Lembro-me, nesta mesma sala, na primeira fila, de duas cenas do grande comandante da retomada do processo democrático, o saudoso Ulysses Guimarães. Furibundo quase apoplético, quando o tribunal concedeu liminar para ampliar o prazo da defesa do então presidente Fernando Collor e, vinte dias depois, eufórico, a comemorar, na segunda sentada do mesmo processo, a definição do voto aberto para admissão do processo de impeachment. Tudo isso é do jogo, tudo isso são dramas da Democracia.

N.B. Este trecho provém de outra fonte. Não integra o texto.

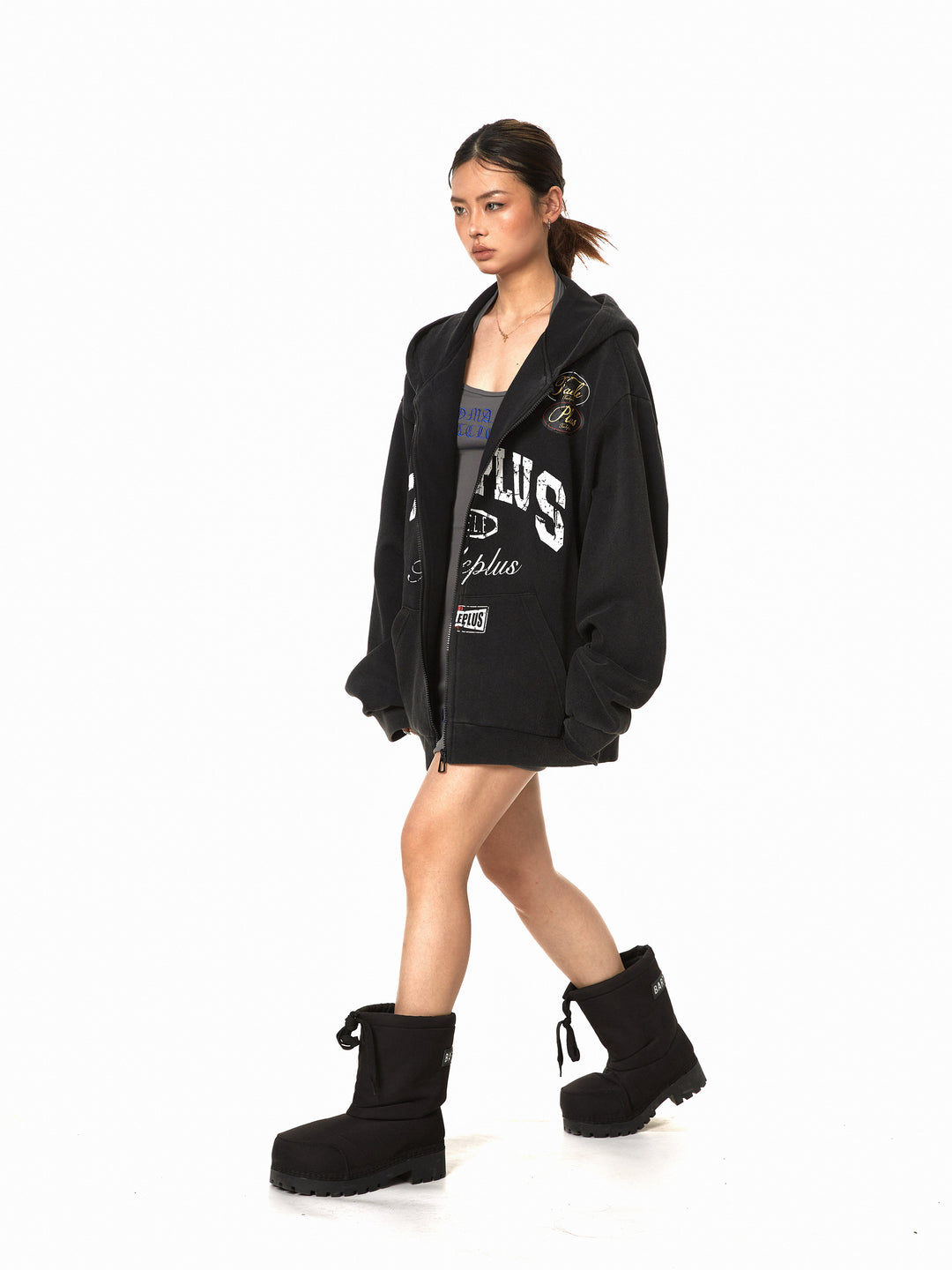 Retro Badge Print Hooded Cardigan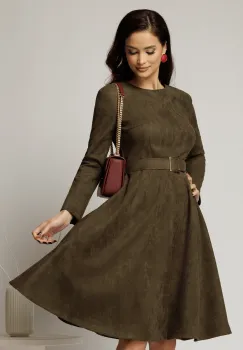 Rochie DY Fashion kaki clos din piele intoarsa si curea in talie imagine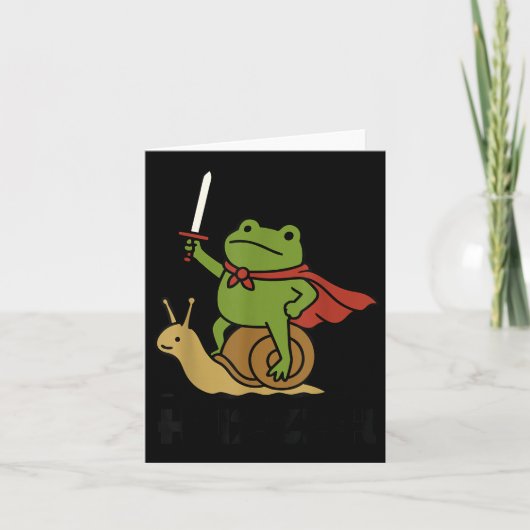Huzzah Frog Knight Riding A Snail Funny Sword Meme Kaart (Voorkant)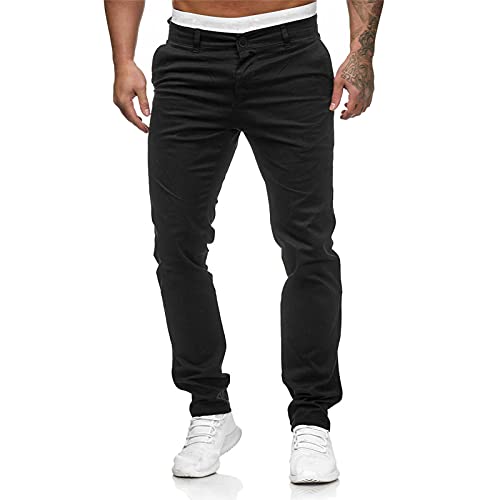 Ansenesna Hose Herren Regular Fit Lang Hosen Männer Business Freizeithose (Schwarz,XL) von Ansenesna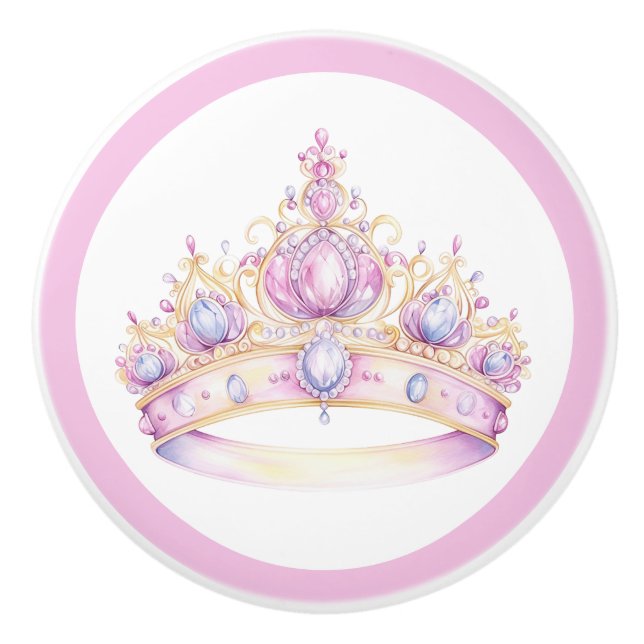 Princess Tiara Girl's Ceramic Knob (Front)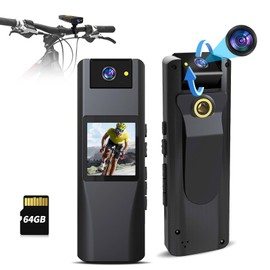 CAMMHD 1296P Body Camera with Audio and Video 180°Rotatable Lens 7 Hours Bodycam Daily Camera Security Surveillance Riding Meeting(64GB)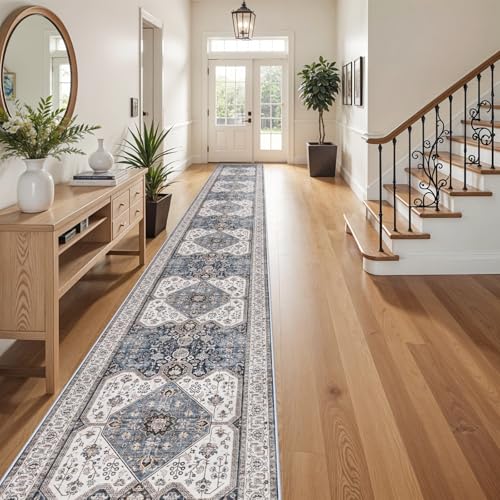 RUUGME Washable 3x20 Runner Rugs - Hallway Runner Rug for Living Room Stain Resistant Carpet with Non Slip Backing Vintage Rugs for Bedroom Kitchen Floor Decoration Mat 3x20 Navy
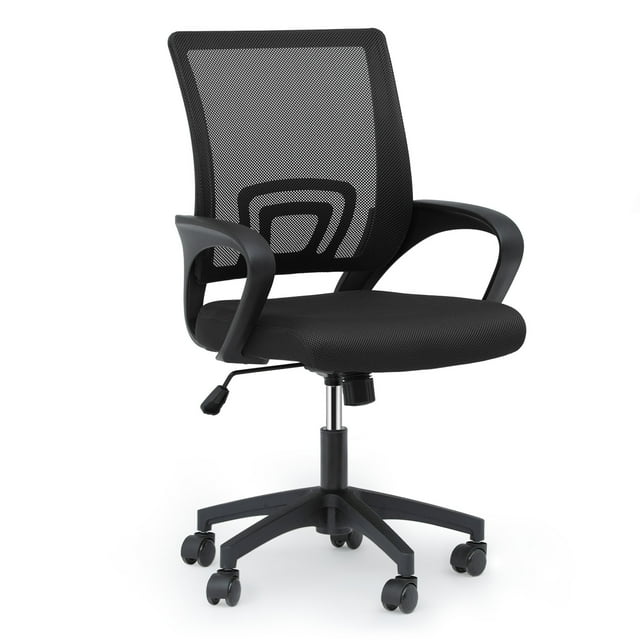 MoNiBloom Office Chair Mid Back Swivel Lumbar Support Desk Chair, Height Adjustable Ergonomic Mesh Computer Chair with Armrest, Black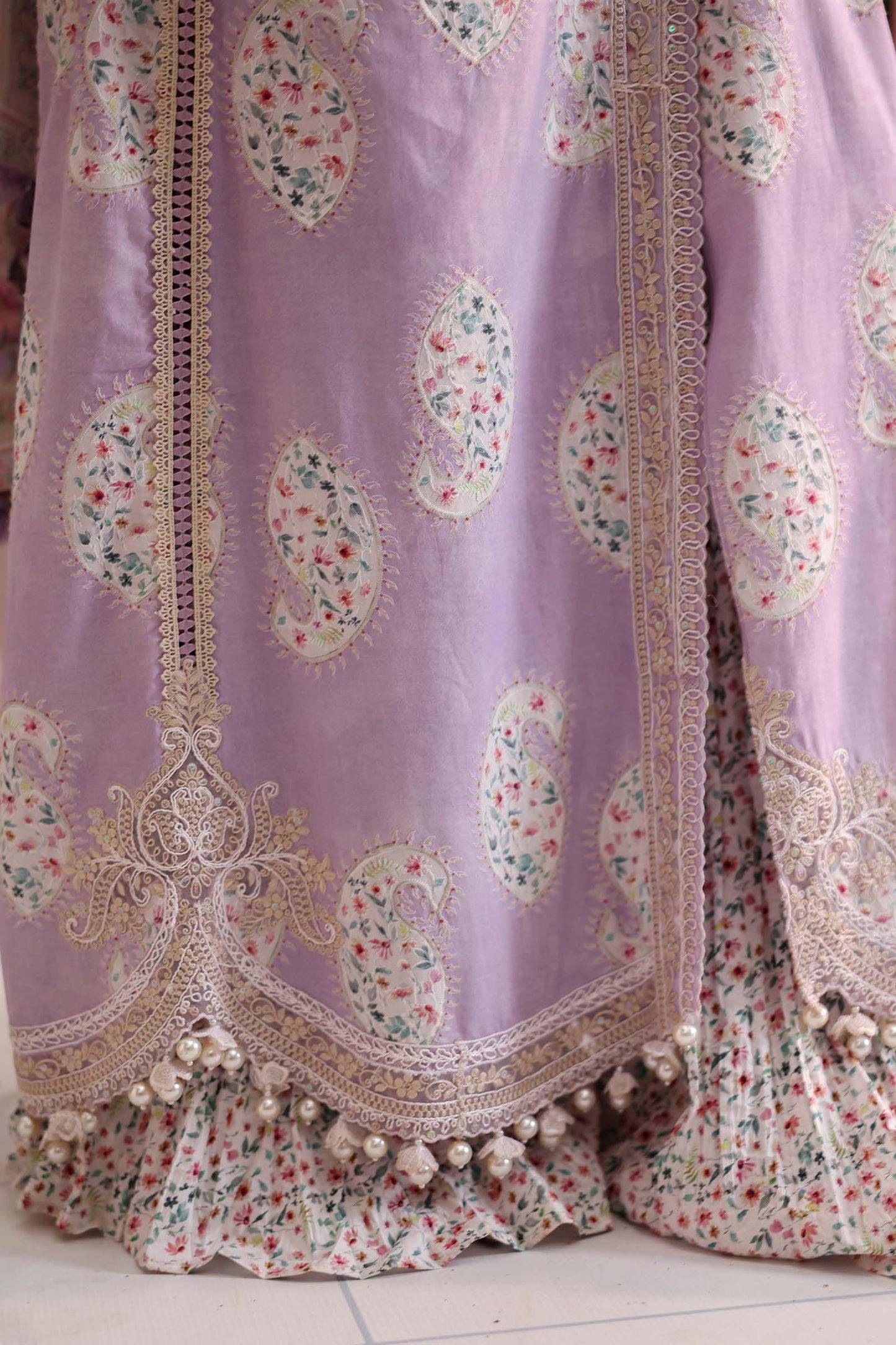 Maria B Premium Lilac Embroidered Lawn 3 Piece Unstitched Suit with Printed Dupatta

Pelo Supremo Tribunal é que me preocupa a semana que vimos de viver, todos nós, porque membros da instituição, e, de modo particular, V.Exa. — Sr. Presidente — e eu mesmo, dado que, ausente na semana passada, me tornei o foco das expectativas — melhor diria, das exigências raivosas deste final de julgamento, que certa mídia se vem acostumando a instilar com presunção crescente.
Por isso, nesses dias, sequer me pouparam da dúvida de que, de fato, estivesse doente, porque — chegou-se a sugerir — a hora de minha doença anunciada teria sido conveniente ao amigo de um amigo meu…
Poupo, é claro, o Tribunal da resposta comprovada à mentira dissimulada em tão velhacas insinuações, que não ousam afirmar-se para não ter sequer a coragem da calúnia.
Mas não posso deixar a respeitabilidade deste Tribunal — instituição que tenho venerado e à qual dediquei, com honradez e sem nenhum pesar, décadas irrecuperáveis da minha vida —, sem o repúdio veemente e indignado a certo modo de fazer imprensa que, para fugir à responsabilidade do que não se pode sustentar, se esconde sob o manto protetor da insinuação que não se ousa assumir.
Sei que não é do estilo de V. Exa., Sr. Presidente, dar-se por atingido por acutiladas semelhantes.
Permita-me, porém, duas palavras sobre por que tenho, sim, de intervir neste caso.
Afinal de contas, tivessem razão alguns foliculários de leviana presunção e seria indevido o voto que, hoje, me cabe proferir, como se tem assoalhado, por vezes, com a insolência da ignorância.
Sucede que, cuidando-se de matéria constitucional, a V.Exa., Presidente, incumbe o dever de votar, haja ou não empate, estejam ou não presentes todos os seus juízes: é elementar.
Risível, portanto, a objeção de que não lhe caberia votar para empatar a votação: basta considerar que, fosse o voto de V.Exa. no mesmo sentido dos cinco votos já manifestados pelo indeferimento total da liminar, e a maioria absoluta estaria formada nesse sentido, aí sim, dispensando a espera da minha manifestação.
Finalmente, só aos néscios ocorreria cogitar que, no caso, ao voto do em. Ministro Cezar Peluso — pelo deferimento parcial da liminar — fosse possível somarem-se, em qualquer sentido, os cinco votos do ems. Ministros que integralmente a indeferiam.
De tudo, não apenas, foi correto que V. Exa. manifestasse, de logo, o seu voto, mas também que — dado o conteúdo dele — fosse o julgamento suspenso, à espera do meu, que passo, assim, a proferir.”